The White House yesterday left the door open to revisiting the nearly four-decade-old limits on crude exports, saying after a landmark Senate Energy and Natural Resources Committee hearing on the ban that it is "closely monitoring the implications" of surging U.S. oil production.
Even the handful of advocates for tweaking the export ban, led by ENR Committee ranking Republican Lisa Murkowski of Alaska, do not expect Congress to wade into the politically volatile topic, and urge President Obama to use existing executive branch authority to ease the nation's growing glut of light shale oil.
Asked to comment on the hearing, Obama spokesman Matt Lehrich did not rule out such a move.
"The increase in domestic oil production is a good thing and an important part of the president's 'all of the above' energy strategy," Lehrich said via email. "We are closely monitoring the implications of growing domestic energy supplies, including the economic, environmental and security opportunities and challenges that it presents. We will evaluate policy options as needed."
During what ENR Chairman Ron Wyden (D-Ore.) confirmed was the first congressional hearing in 25 years on U.S. crude export limits, enshrined into law during 1970s oil price shocks exacerbated by Middle East unrest, committee members in both parties appeared prepared to do what politicians are rarely known to -- keep an open mind on an intellectually complex issue.
Murkowski said she was "really gratified by the thoughtful responses" to her call earlier this month to revisit the export ban, which contains several exemptions for shipments of Alaskan or Californian varieties of crude, as well as shipments to Canada (Greenwire, Jan. 7). "It hasn't been a knee-jerk, 'Oh my gosh, we can't do it, the sky is falling' [dialogue]."
Yet senatorial skepticism abounded that eliminating the export limits could resolve current regional differences in crude costs, the leading determinant of prices at the pump, to the benefit of consumers. Sen. Maria Cantwell (D-Wash.) singled out "safety and price" as her top concerns, noting the already-sharp focus among policymakers on recent crude-by-rail accidents in the United States and Canada.
Sen. Tim Scott (R-S.C.) spoke for many Republicans in touting the job-creation and balance-of-trade benefits of producing more light shale oil in the United States, where production is poised to top 8 million barrels per day by the end of this year (EnergyWire, Sept. 13, 2013).
That flourishing yield "puts our Middle East competitors in a very unique position to take a serious look at their own budgets," Scott said.

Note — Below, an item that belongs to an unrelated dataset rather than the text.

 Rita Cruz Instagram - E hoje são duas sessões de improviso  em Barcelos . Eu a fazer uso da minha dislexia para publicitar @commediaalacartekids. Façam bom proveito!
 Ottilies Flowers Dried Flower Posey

But Amy Myers Jaffe, director of energy and sustainability at the University of California, Davis, told senators that the strongest case for U.S. economic benefits lay less in allowing unfettered exports and more in finely tuning energy policy "to avoid creating market distortions."

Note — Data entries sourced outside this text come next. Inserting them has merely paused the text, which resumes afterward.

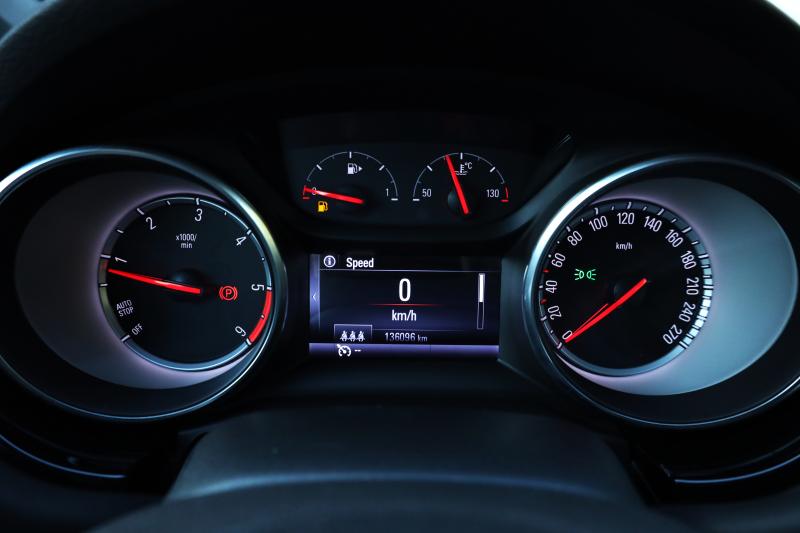 Opel - Astra - pic20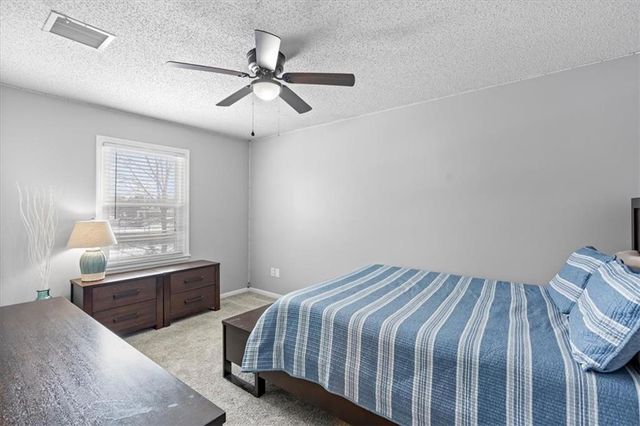 6017 W 158th Street, Overland Park, KS 66223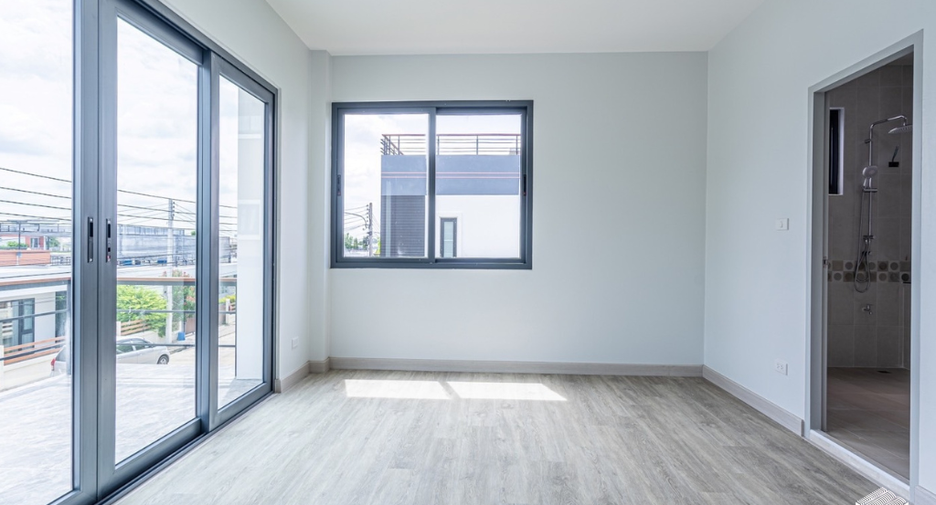 For sale 6 bedrooms house in Mueang Chiang Mai, Chiang Mai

Given that the nation already counts processed hydrocarbons as its No. 1 export, Jaffe added, policymakers must decide "the best way to organize free markets."
Pros, cons to exemptions to ban
At the moment, those free markets are dominated by diesel exports that routinely topped 1.2 million barrels per day last year, compared with less than 600,000 barrels per day in finished gasoline exports, according to the Energy Information Administration.
In a fact belied by the shorthand description of crude export limits as a "ban," EIA reported that exceptions to the ban permitted more than 200,000 barrels per day of overseas crude sales in November, or more than double the September levels. That marks the highest volume of U.S. crude exports since 1999.
"Major oil companies are exporting refined petroleum products like gasoline and diesel with no limitations," Continental Resources Inc. CEO Harold Hamm, the largest shale oil producer in the Bakken region, told senators. "Why shouldn't independent producers be allowed to do the same? Are we going to be their subjugate milk cows forever?"
Yet Hamm's call was countered by Graeme Burnett, the Delta Air Lines senior vice president who chairs the board of the refining company that the airline purchased in 2012 to help lower its fuel costs. A move to end "export limits now would come at the expense of the American consumer," Burnett told senators. "We would pay more for gasoline, more for heating oil and more for the price of an airline ticket."
Joining Burnett and the Center for American Progress in calling for the preservation of the ban yesterday were Democratic Sens. Ed Markey of Massachusetts and Robert Menendez of New Jersey, who wrote to Obama urging him to keep domestic crude in-country to avoid swelling gasoline prices.
Markey and Menendez took aim at claims that the Commerce Department can effectively lift the limits by invoking exemptions for specific crudes, writing that "nowhere in regulation is the Commerce Department bestowed with the authority to approve large-scale exports on its own and any attempt to do so would exceed the department's existing authorities."
Exemptions do exist, however, for swaps of crude with other nations that might correct refining imbalances. Sen. Rob Portman (R-Ohio) brought up that prospect yesterday by mulling a trade "where we would be exporting light sweet crude in exchange for heavy crude" from Mexico.
"So it may not be wholesale lifting of the export ban at this point, but it might be some opportunities for us to actually enhance our competitiveness in this country," he added.